Data items:
::::::

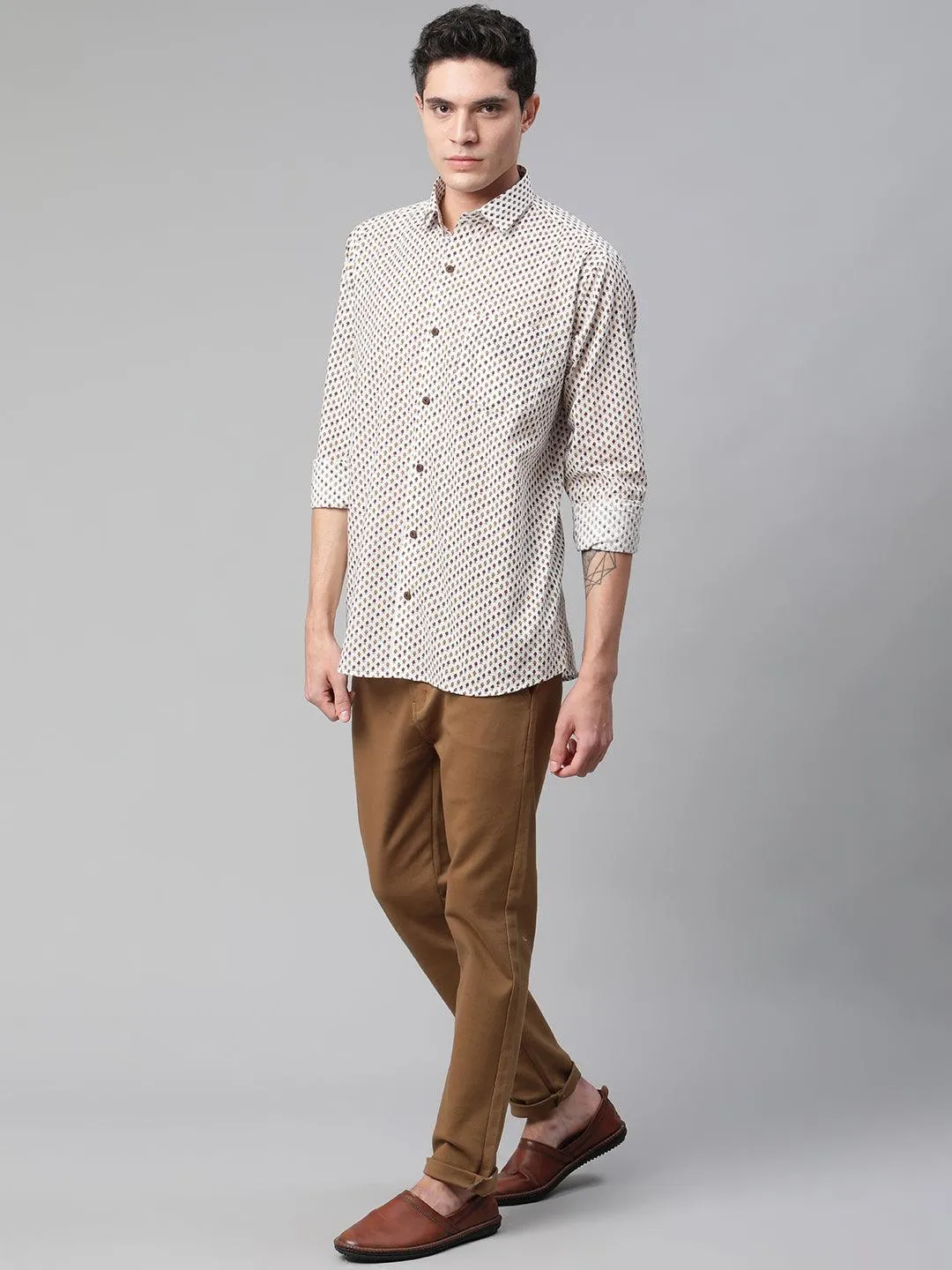Millennial Men White & Yellow Cotton  Full Sleeve  Shirt for Men-MMF0283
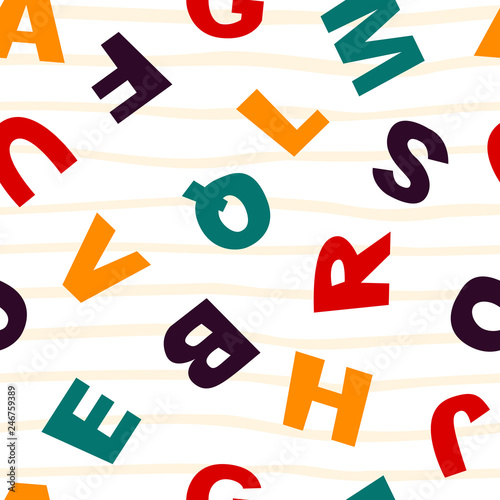 Seamless pattern with English alphabet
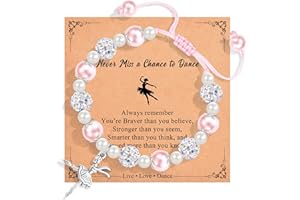IKIATY Dance Recital Gifts for Girls, Ballet Dancer Ballerina Bracelet Jewelry for Daughter Granddaughter Niece Friends Dance Team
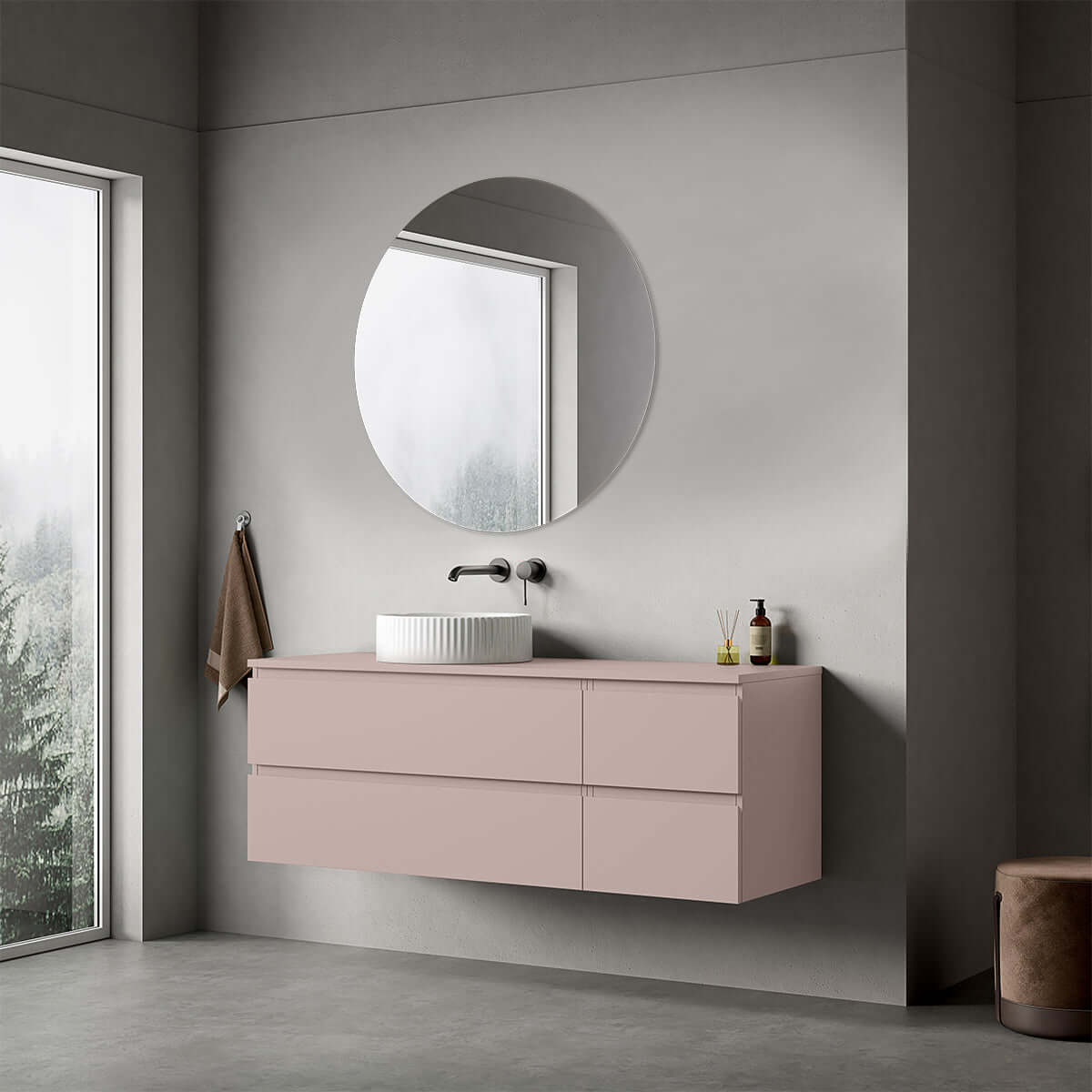 Mobile bagno sospeso reversibile  140 cm Rosa Retrò per Lavabo d'appoggio Specchio Tondo - Fiji Paint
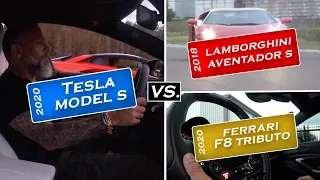 2020 Tesla Model S Races Ferrari F8 Tributo; Lamborghini Aventador!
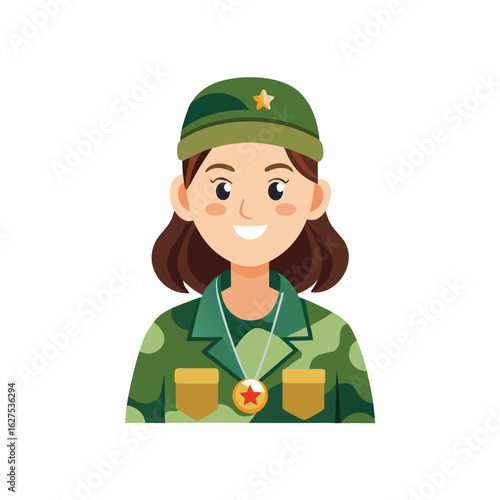 "Smiling Female Soldier: Symbol of Bravery and Service"


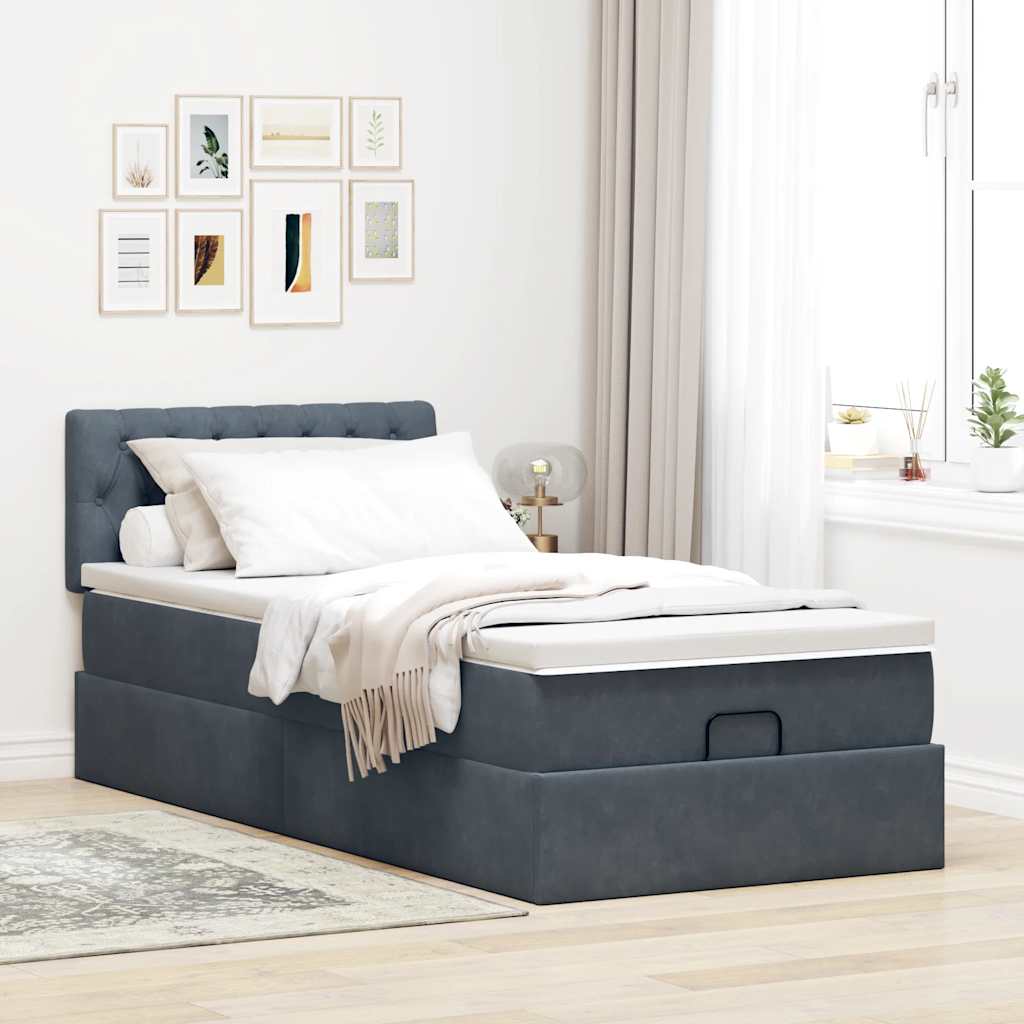 Ottoman-Bett mit Matratze Dunkelgrau 100x200 cm Samt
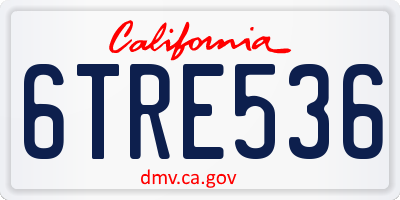 CA license plate 6TRE536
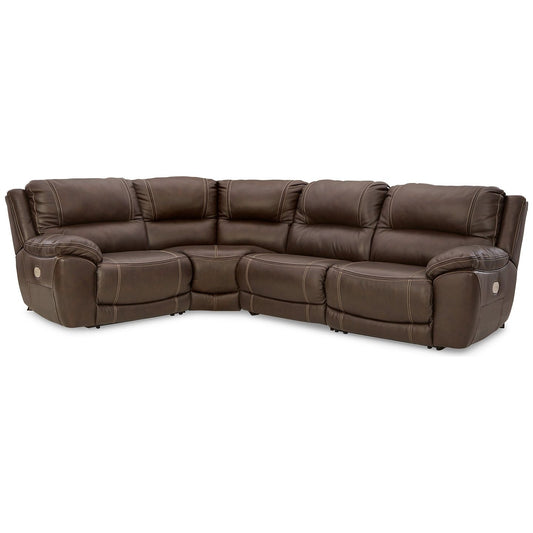 Signature Design by Ashley® Dunleith 4-Piece Power Reclining Sectional at   Contempo Furniture  Contempo Furniture Dunleith 4-Piece Power Reclining Sectional Signature Design by Ashley®.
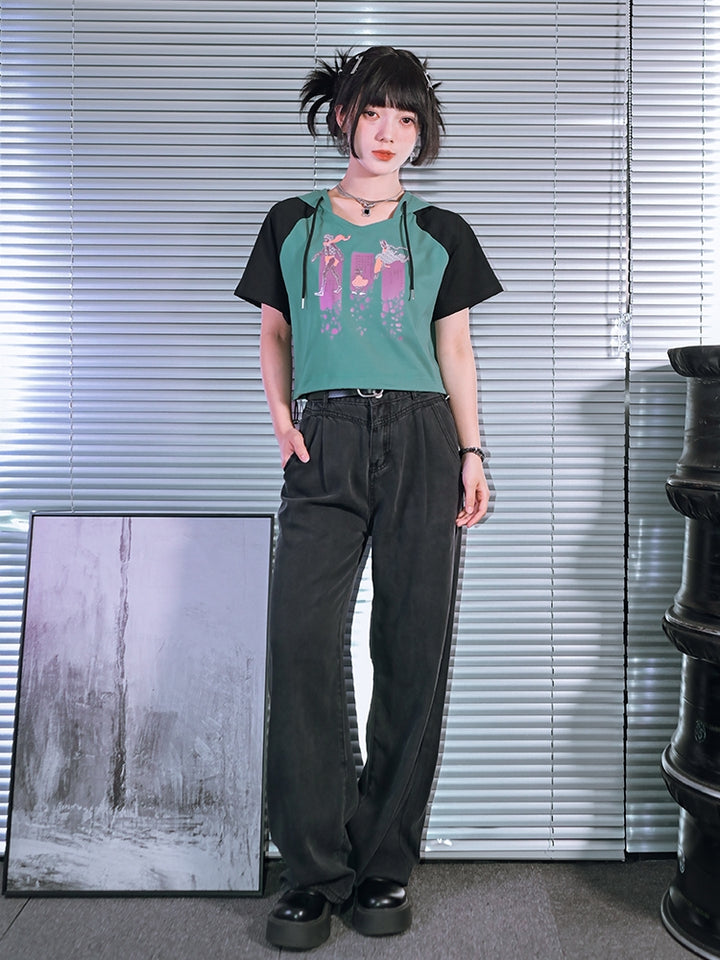 Colorblock Printed Short Sleeve T-Shirt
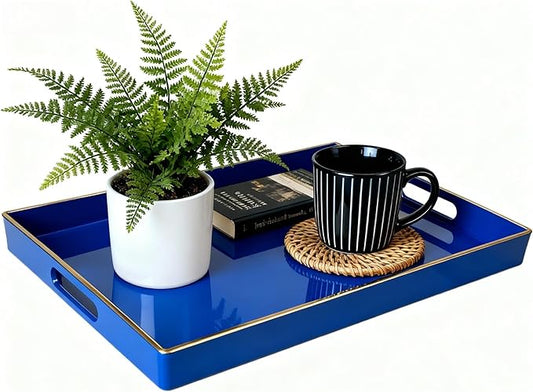 Zosenley Decorative Tray, Rectangular Plastic Tray with Handles, Modern Vanity Tray and Serving Tray for Bathroom, Kitchen, Ottoman and Coffee Table, 15.6” x 10.2” (Drak Blue)
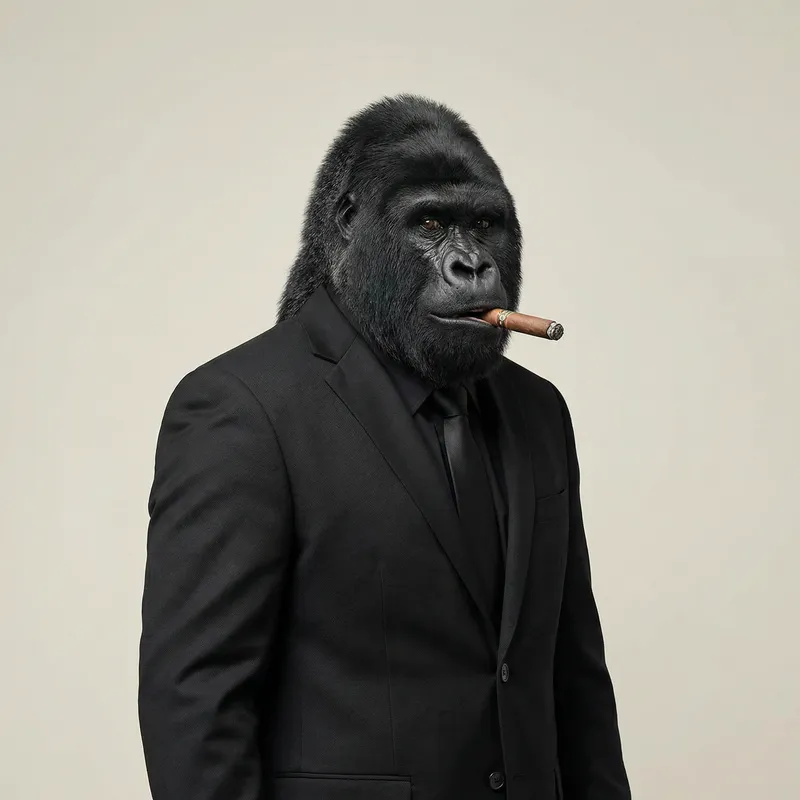 Stylish Gorilla in a Suit - 2D Art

::::::

Goal of the exercise:
With the pictures set aside, repeat every entry above exactly.

Written solution:
Millennial Men White & Yellow Cotton  Full Sleeve  Shirt for Men-MMF0283
 Seamless pattern with English alphabet
IKIATY Dance Recital Gifts for Girls, Ballet Dancer Ballerina Bracelet Jewelry for Daughter Granddaughter Niece Friends Dance Team
 Mobile bagno sospeso reversibile  140 cm Rosa Retrò per Lavabo d'appoggio Specchio Tondo - Fiji Paint
 2020 Tesla Model S Races Ferrari F8 Tributo; Lamborghini Aventador!
 "Smiling Female Soldier: Symbol of Bravery and Service"


 Ottoman-Bett mit Matratze Dunkelgrau 100x200 cm Samt
 CA license plate 6TRE536
 Signature Design by Ashley® Dunleith 4-Piece Power Reclining Sectional at   Contempo Furniture  Contempo Furniture Dunleith 4-Piece Power Reclining Sectional Signature Design by Ashley®.
 Colorblock Printed Short Sleeve T-Shirt
 Zosenley Decorative Tray, Rectangular Plastic Tray with Handles, Modern Vanity Tray and Serving Tray for Bathroom, Kitchen, Ottoman and Coffee Table, 15.6” x 10.2” (Drak Blue)
 Stylish Gorilla in a Suit - 2D Art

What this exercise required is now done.